30. März 2026

Keine Sanierungspflicht bei Landesgebäuden

Von Markus Ecker, aus der Print-Ausgabe #129

Sanieren ist toll. Auch bei öffentlichen Gebäuden. Meint auch das Land Oberösterreich. Noch toller findet es die schwarz-blaue Koalition aber, wenn man das doch recht aufwendige und kostspielige Sanieren anderen überlässt. Wenns zwar gesetzlich vorgegeben wäre, man sich aber durch einen Trick rausschrauben kann. Wie kommts? Um was geht`s?

Grundsätzlich um das Energieeffizienzgesetz. Gemäß den EU-Vorgaben hat auch das Land OÖ ein solches zu erlassen und umzusetzen. Klingt sperrig, ist aber vorbehaltlos gut. Denn viele öffentliche Gebäude in Oberösterreich wie Schulen Kindergärten und Gemeindeämter sind baulich veraltet, gehören saniert und wie der Name sagt, energieeffizient gemacht.  „Das spart eben Energie und Kosten, hilft dem Klima und durch Aufträge auch der regionalen Bauwirtschaft“, bringt die Grüne Klimaschutzsprecherin LAbg.
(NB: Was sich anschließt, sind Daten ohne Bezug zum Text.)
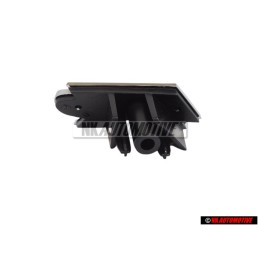 Γνήσιο VW R LINE Εμπρόσθιο Σήμα Έμβλημα Μάσκας Χρωμέ - 5K0853679C FXC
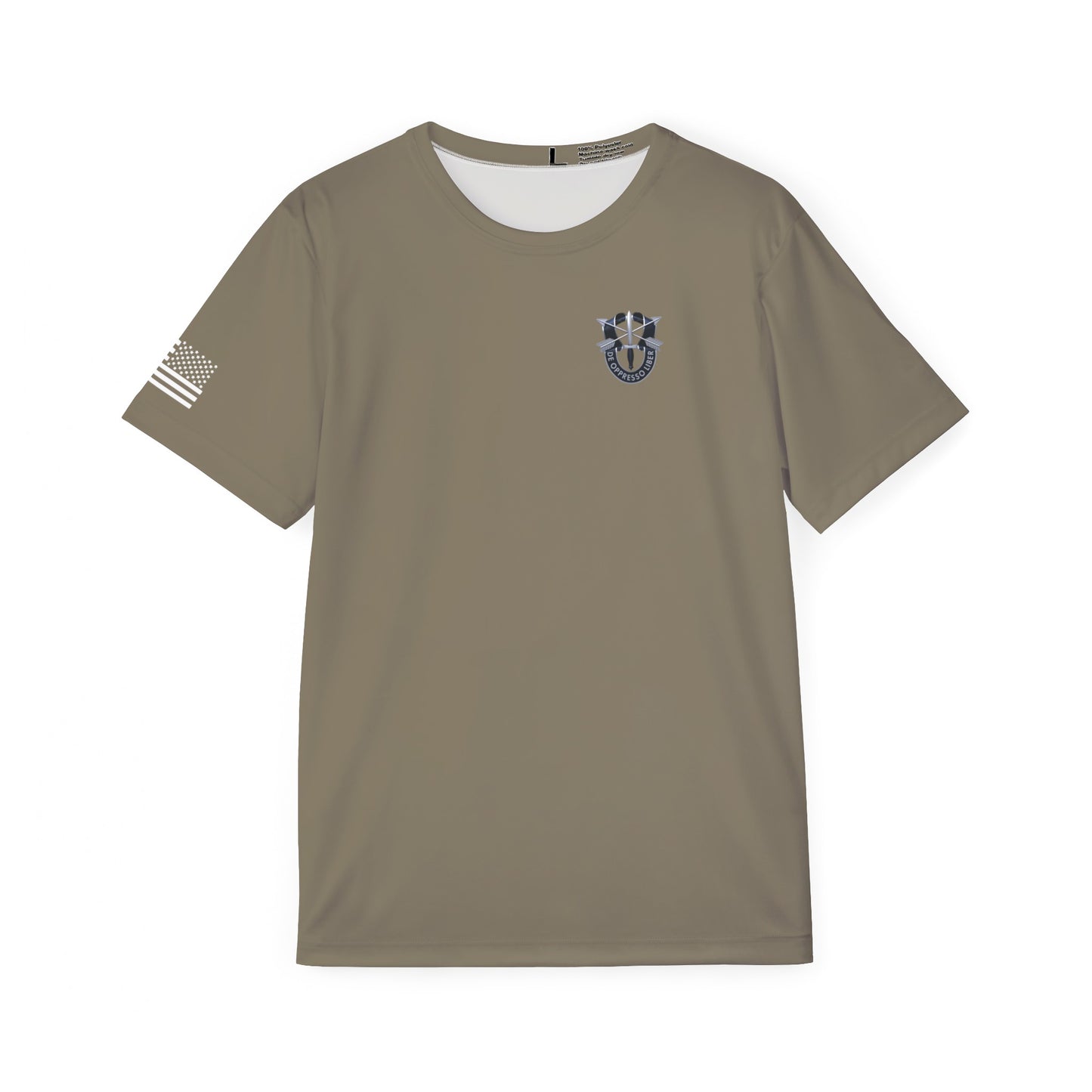 Special Forces Airborne Tan 499 Jersey Tee (DRI-FIT)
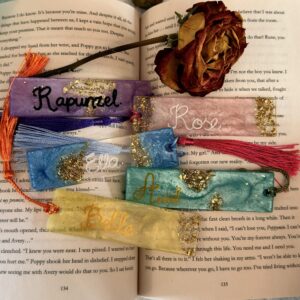 Custom Princess Bookmarks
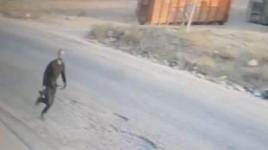 مشاهد توثق لحظات انسحاب منفذ عملية ترقوميا الشهيد مهند العسود من موقع العملية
Anne-Sophie Bauer die Vorteile auf den Punkt.

 

Energieeffizienz-Gesetz gilt nur für ein Landesgebäude

So weit, so fein, so logisch. Nun zum unlogischen und zu Schwarz-Blau. Die meisten Landesgebäude sind ausgegliedert in die Landesimmobiliengesellschaft, kurz LIG, eine 100%- Tochter der Landesholding. Also Landeseigentum in Reinkultur. Aber betroffen vom Energieeffizienzgesetz sind sie nicht.  ÖVP und FPÖ haben offenbar einen Passus entdeckt, der ihnen erlaubt, genau diese Landesgebäude auszunehmen. „Wie sinnlos ist das denn? Die Gebäude gehören dem Land, werden aber von der Sanierungsplicht ausgenommen, weil sie in einer Holding geparkt sind, die aber ohnehin dem Land gehört. Das geht am Ziel dieses Gesetzes völlig vorbei“, kritisiert Bauer. Ein besonderes Bonmot. Alle klassischen Landesgebäude wären erfasst, meint Landesrat Achleitner. „Es handelt sich exakt um ein einziges Gebäude. Die Produktionsschule in der Poloplaststraße in Linz. Das ist reine Veräppelung“, ärgert sich Bauer. Logisch, dass die Grünen das so nicht stehen lassen und einen verbindlichen Sanierungsplan für alle Gebäude der Landesimmobiliengesellschaft eingefordert haben.

 

Land überträgt Kosten an Gemeinden

Das ist aber nur die eine Seite der Medaille. Aber die andere glänzt auch nicht heller. Denn das Land OÖ nimmt sich nicht nur aus der eigenen Sanierungspflicht, sondern auch aus der Verantwortung gegenüber den Gemeinden. Aber es sind die Kommunen, die nun die Hauptlast tragen müssen. „Rund 2000 Gebäude wird die Sanierungspflicht in den Gemeinden betreffen. Angesichts der bekannt prekären Finanzlage der Kommunen wird dies zur Mammutaufgabe“, zeigt Bauer auf. Logisch, dass die Grünen diese Unterstützung durch das Land OÖ verlangen. Ein weiterer Antrag ist bereits eingebracht.

 

Was sagt uns dieses Vorgehen? Erstens macht diese Koalition das Allernötigste, wenn es um Klimaschutz und Energiewende geht. Zweitens hängt sie den Gemeinden Kosten um und lässt sie im Stich. Beides ist langjährig erprobt, übel und vor allem folgenschwer.